For many employees, a practical starting order looks like this:
- Contribute enough to a 401(k) to receive the full employer match.
- Consider a Roth or Traditional IRA based on eligibility, taxes, and investment options.
- Increase 401(k) contributions if you still have retirement money available.
That sequence works well as a starting framework, but it is not universal. High-interest debt, a missing emergency fund, poor plan options, vesting rules, and IRA eligibility can all change the answer.
This guide walks through the whole decision, then points you to a deeper article for each piece once you know which one applies to you.
Quick Answer
For many employees, the first step is contributing enough to receive the full 401(k) employer match. The match adds employer money to your retirement savings, although vesting rules and plan terms may affect how much you keep if you leave the job.
Next, compare a Roth IRA, a deductible Traditional IRA, and additional 401(k) contributions based on your income, current tax situation, plan costs, and investment choices.
- Step 1: 401(k) up to the employer match, if offered
- Step 2: Roth or Traditional IRA, based on eligibility and taxes
- Step 3: Back to your 401(k) if you have more to invest

Step 1: Your Employer’s 401(k) Match
If your employer offers a 401(k) match, contributing enough to receive the full available match is usually a strong first step.
For example, a plan might contribute 50 cents for every dollar you save, up to a stated percentage of pay. That employer contribution can significantly increase the amount going into your account.
But check the plan’s vesting schedule before treating the match as fully yours. Your own contributions are always yours immediately. Some employer matching contributions, however, vest gradually over several years – meaning you may not keep the full match if you leave the job too soon.

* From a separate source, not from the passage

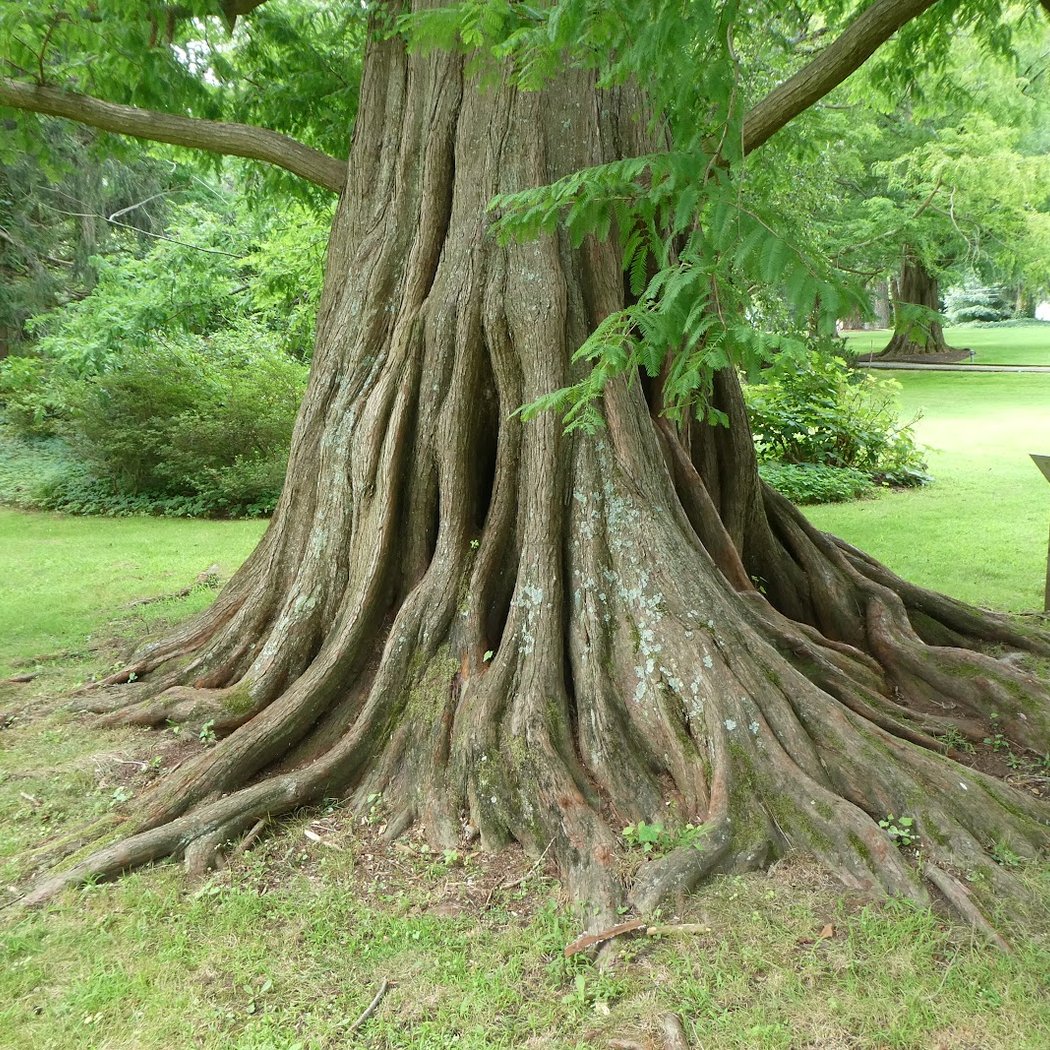 Bailey Arboretum 2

A 401(k) is an employer-sponsored account that lets you contribute directly from your paycheck, often with that employer match attached. If you’ve never had one before, What Is a 401(k)? covers the basics. For exactly how the matching formula works and how to make sure you’re not leaving money on the table, see What Is a 401(k) Employer Match?
If your employer doesn’t offer a match at all, this step still isn’t wasted – a 401(k) still offers valuable tax treatment – but you lose the “go first” urgency. In that case, move straight to Step 2.
Step 2: Roth or Traditional IRA
Once you’ve captured the match, compare an IRA with additional 401(k) contributions.
An IRA may offer broader investment choices and more control over fees. A strong employer plan, however, may already provide low-cost diversified funds and convenient payroll contributions – in that case, adding to the 401(k) may be simpler than opening another account.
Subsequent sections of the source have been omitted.